By following the advice of economists, we have drastically overshot the capacity of the biosphere to sustain human civilization. We need a substantial reduction in the human ecological footprint, rather than a continued expansion of GDP, which means “de-growth”, not growth. The market mechanisms that mainstream economists prefer will not be able to cope, just as they have been unable to cope with Covid-19. Wartime measure like carbon rationing will be necessary, and government finance in the form of a Green New Deal will be required to finance the transition to a sustainable economy.

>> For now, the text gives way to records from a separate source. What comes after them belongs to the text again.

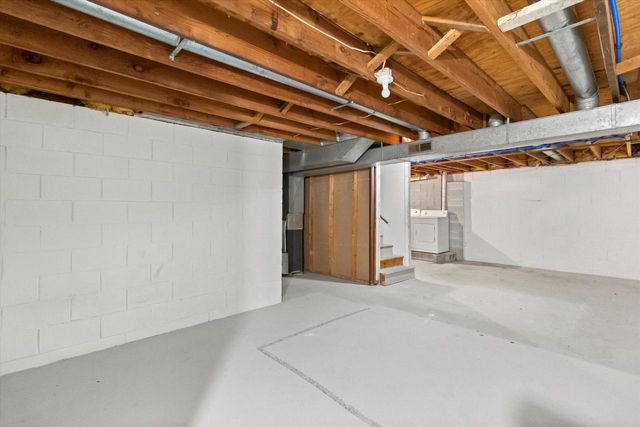 2712 Welsh COURT #2714, Waukesha, WI 53188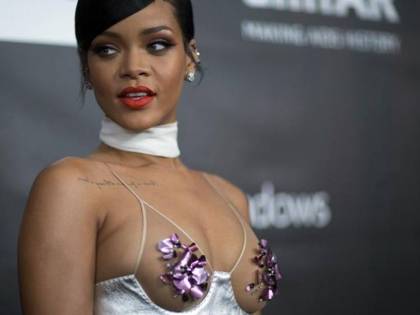 Rihanna: "Ho la fobia della vagina profonda"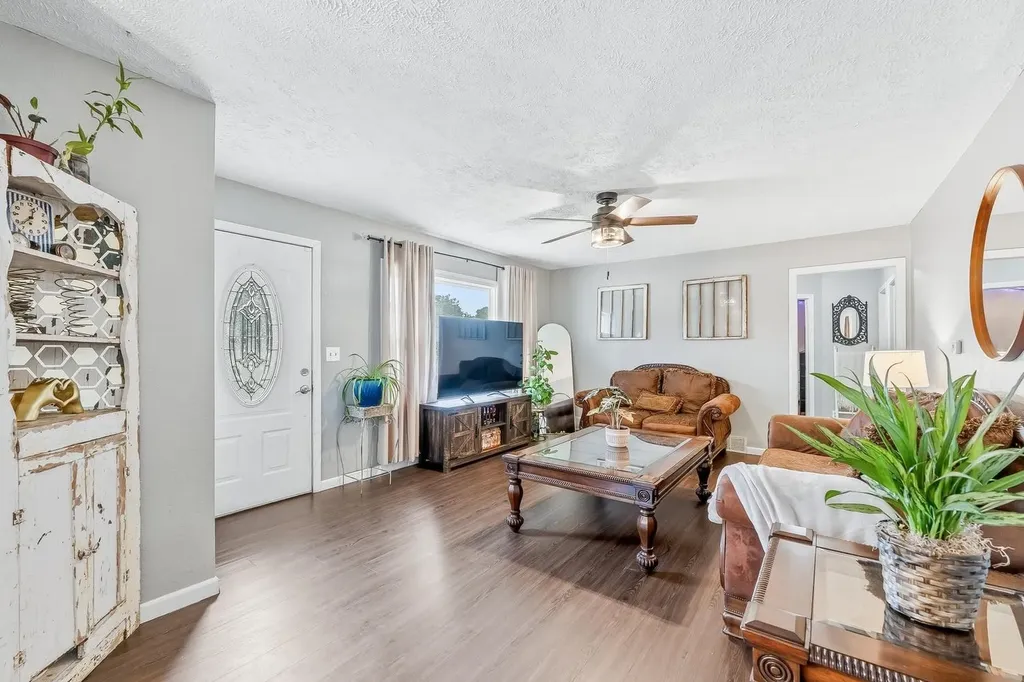 224 W Poplar Arkansas City KS 67005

Will we manage this? The shambolic management of the Covid-19 crisis by Europe and the USA doesn’t give much hope, but countervailing this pessimism is the success in suppressing the virus of a number of countries with vastly different governmental systems and standards of living. So there is hope. A first step, as Ann Pettifor demonstrated over a decade ago, is to stop listening to mainstream economists.
Keen, S. (2020). “The Appallingly Bad Neoclassical Economics of Climate Change.” Globalizations.
Meadows, D. H., J. Randers, et al. (1972). The limits to growth. New York, Signet.
Pettifor, A. (2006). The Coming First World Debt Crisis. New York, Palgrave Macmillan.